By Suzi Woodruff Lacey – 

In culmination of several years planning, The Salvation Army recently opened a shelter in Tijuana to provide refuge and resources for women and children who have been deported by the U.S.

Casa Puerta de Esperanza, or “door of hope,” is designed to help the deportees repatriate to their community of origin or to build new lives in Tijuana.

Hundreds of women and children are deported daily and released at the Tijuana Deportation Processing Center near the Tijuana riverbed. Because many have lived in the U.S. for years and have no family in the area or connection to the city, they become targets for kidnapping and human trafficking.

The Salvation Army and San Diego entrepreneur Alex Zikakis teamed together to open the shelter. Zikakis realized the need after visiting The Salvation Army Tijuana’s shelter for men recently deported from the U.S.

“This shelter will provide a safe haven for these women and children and help them reconnect with their home of origin in Mexico so they can resume productive lives,” Zikakis said. “There were 17,000 child deportations from the U.S. last year alone, many of whom were located without one or both parents. The shelter has nothing to do with politics, and all to do with helping these people transition safely back in Mexico.”

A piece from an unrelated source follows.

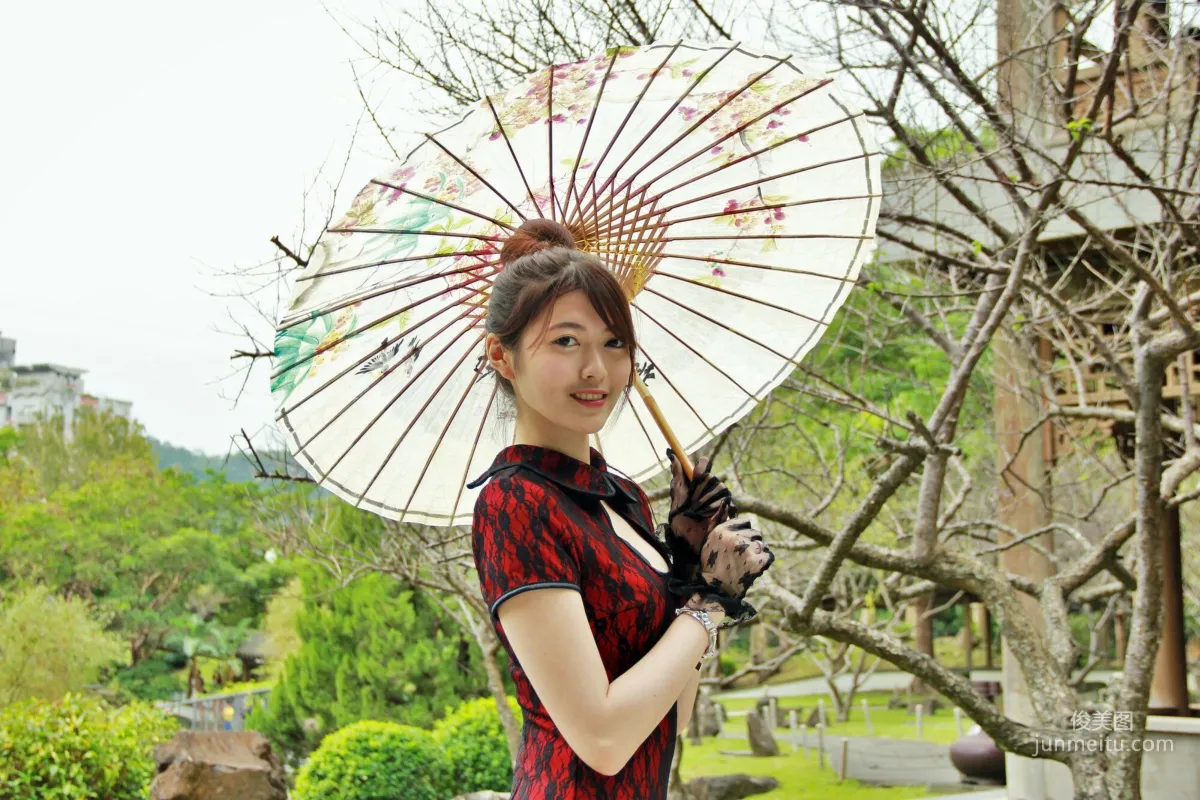 [Taiwan Beauties] Huang Pin Xuan / Brindy Xue Xue 'Zhishan Garden Qipao Outdoor Shoot' Photo Set photo 4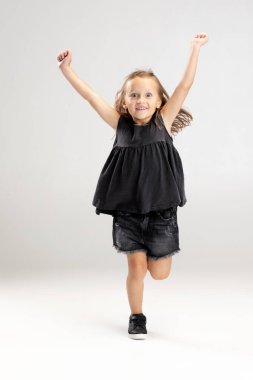 Beyaz stüdyo geçmişinde gülümseyen tatlı kız. Kafkas modeli, uzun dalgalı saçlı, yaz elbisesi içinde..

The shelter accommodates 30 women and children at a time, who are allowed to stay up to three months. Social workers work with the mothers to help them find housing and employment.The operating budget is estimated at $100,000 annually.

“Our men’s program in Tijuana, which has sheltered migrants since 1957, will be the model for the new women’s and children’s shelter,” said Lt. Colonel Sara Chagas, Mexico territorial secretary of social services. “Our hope is that more facilities will follow in Mexico along the U.S. border as awareness and understanding grow as to the challenges these deportees face after being ‘Americanized’ for so many years.”

Zikakis, who has been involved in The Salvation Army’s Tijuana men’s shelter for 10 years, completed a 16-mile ocean swim along the coast of Kauai to raise more than $35,000 from friends and business associates for the new shelter. A lease for the facility has been signed and The Salvation Army will operate the shelter through The Salvation Army Mexico Territory.

Zikakis, a Carlsbad resident and president of Capstone Advisors, began volunteering with The Salvation Army in Tijuana after being introduced to it through his church.

“Without having been engaged in the men’s shelter firsthand, I would not have understood the magnitude of the violence and other risks deportees face, and the issue is escalating rapidly,” Zikakis said. “This shelter will make a very real difference in many lives each year.”